Directory recurse: Enable so ArgoCD looks for manifests in subfolders.

create argocd app

  • Once you’re happy with your app, click “CREATE” and the app should be created and become “healthy” and “synced” once all the resources are created.

argocd app status

You can also list the apps in command line.

argocd app list

argocd app list

  • You then get some cool view of all the resources in the UI with deployments, replicasets, pods, services…

argocd ui

  • I particularly like the network view with the different streams.

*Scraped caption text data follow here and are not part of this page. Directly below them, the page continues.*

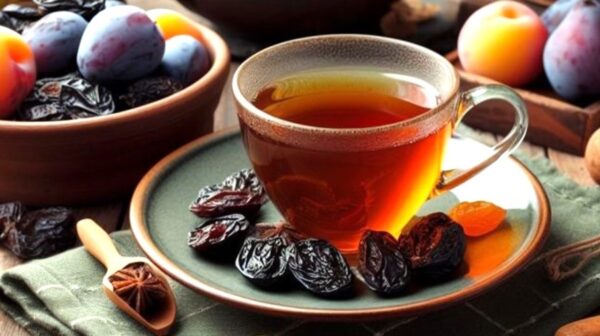 "Té de Ciruela Pasa: Cómo Prepararlo y Aprovechar sus 10 Poderosos Beneficios"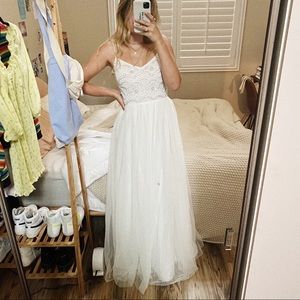 BHLDN Wedding Dress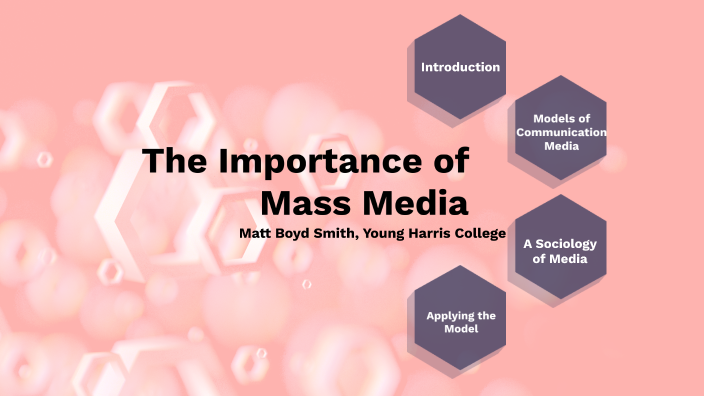 importance of mass media essay 250 words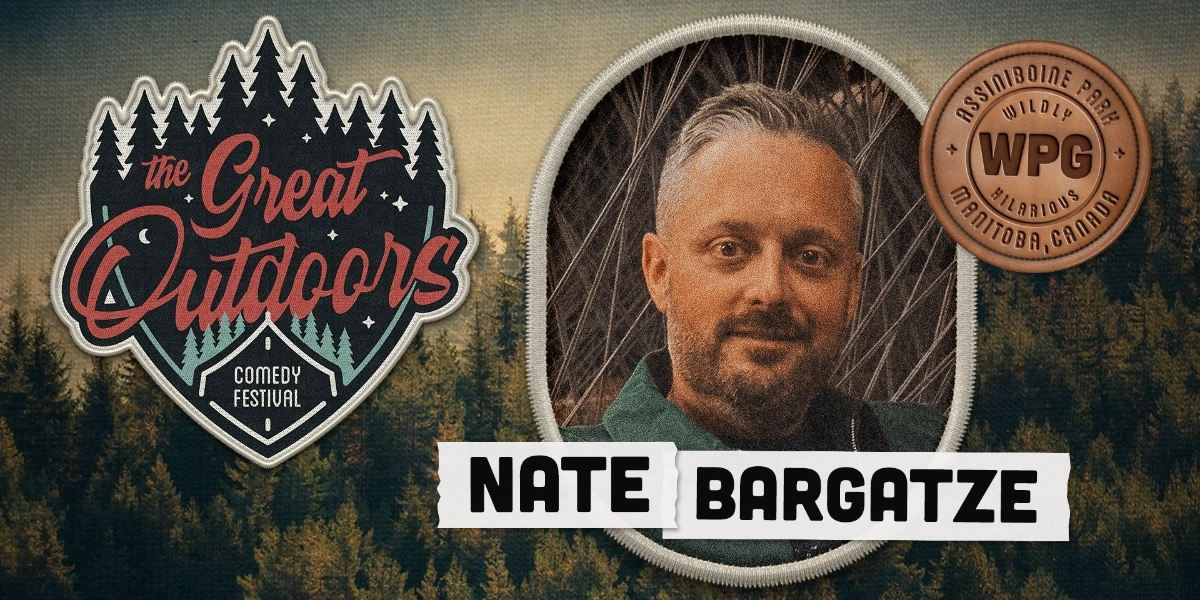 Event image for Nate Bargatze, Gerry Dee & Derrick Stroup - Winnipeg
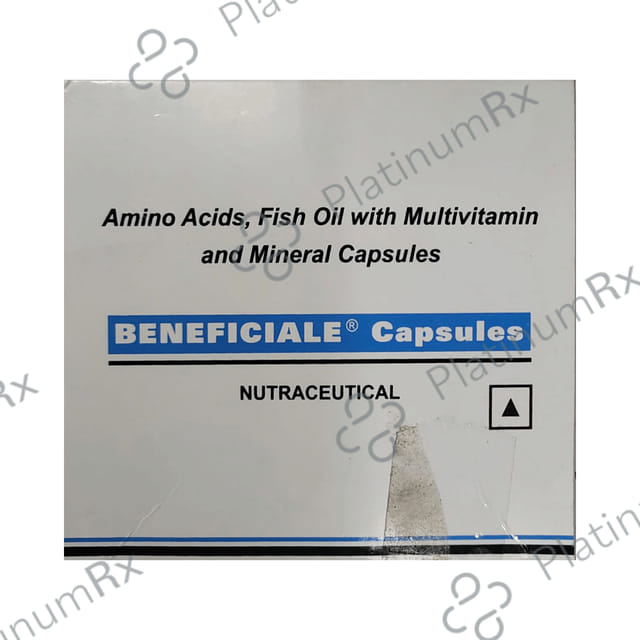 Beneficiale Capsule 15s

As you can see my setup is very simple with one service type LoadBalancer that serves ingresses for each of my apps.

argo network view

  • I will now make a change in the repository. But before that, let’s look at the ArgoCD app’s history. You see the ID of the commit in REVISION.

Argocd app history tv-automation

Argocd app history

  • Next, I will add a basic nginx pod manifest. As you can see, I push the change to my GitHub repo.

add manifest to argocd

  • Because my app is configured for automatic syncing, I don’t need to manually sync it. I only wait for ArgoCD to pick up the commit.

argocd commit history

  • Then look at the resources in the Kubernetes cluster and the new Nginx pod should be running.

add manifest to argocd

You can then delete the manifest from the Git repository and it will be removed at the next synchronization IF you have enabled auto-pruning in the synchronisation.

Wrap up

And there you go, you now have a GitOps managed Kubernetes cluster where you manage resources from your Git repository. As I mentioned earlier, this is a basic setup aimed at understanding and learning about GitOps. In my next articles I want to manage CAPV or Tanzu Community Edition Kubernetes clusters packaged with HELM deployed in a GitOps fashion.